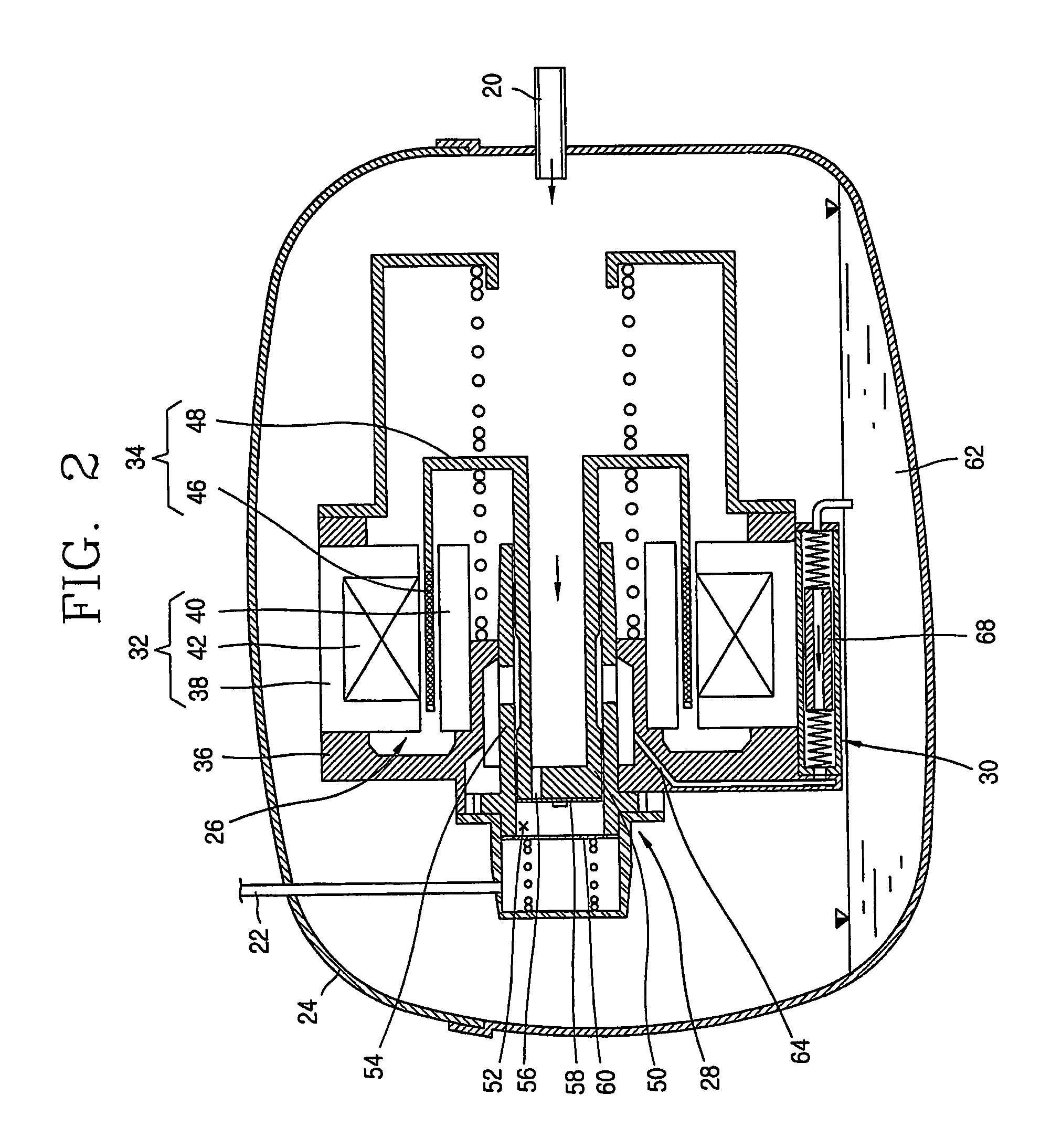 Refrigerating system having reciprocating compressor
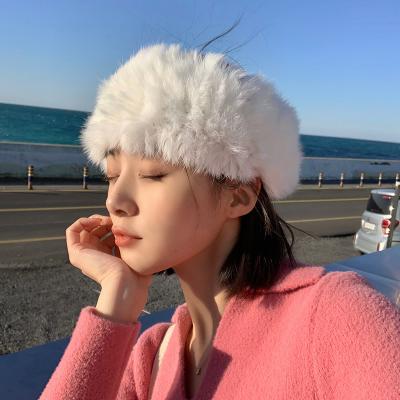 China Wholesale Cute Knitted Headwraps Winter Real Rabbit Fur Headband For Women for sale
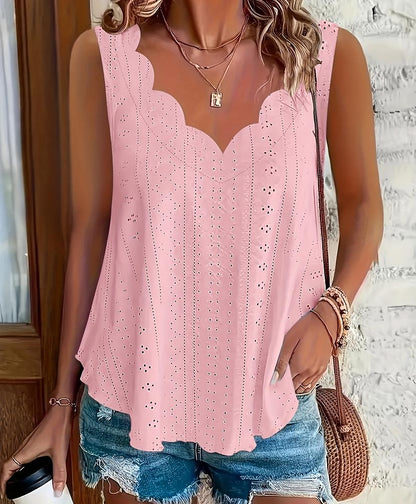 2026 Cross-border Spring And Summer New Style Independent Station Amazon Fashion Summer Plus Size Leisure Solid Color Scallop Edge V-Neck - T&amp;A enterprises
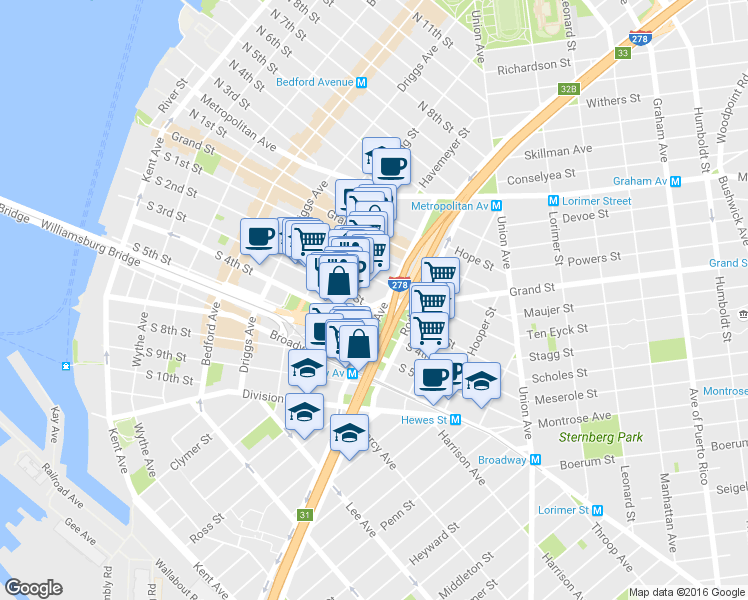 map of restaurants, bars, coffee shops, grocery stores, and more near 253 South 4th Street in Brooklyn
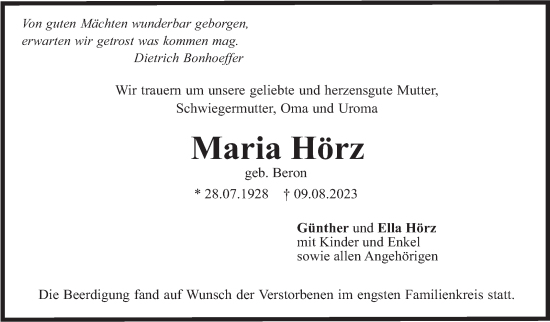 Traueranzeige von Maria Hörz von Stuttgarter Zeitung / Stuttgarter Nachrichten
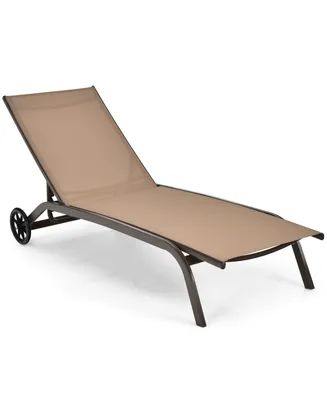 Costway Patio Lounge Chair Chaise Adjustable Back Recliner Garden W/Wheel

========

# Work request:
Using the data above, output the line that has "China Wholesale Cute", the line that has "map of restaurants, bars, coffee", and whatever lines fall between, each exactly as it stands and without pictures.

# Solution to this exercise:
 China Wholesale Cute Knitted Headwraps Winter Real Rabbit Fur Headband For Women for sale
 2026 Cross-border Spring And Summer New Style Independent Station Amazon Fashion Summer Plus Size Leisure Solid Color Scallop Edge V-Neck - T&amp;A enterprises
 map of restaurants, bars, coffee shops, grocery stores, and more near 253 South 4th Street in Brooklyn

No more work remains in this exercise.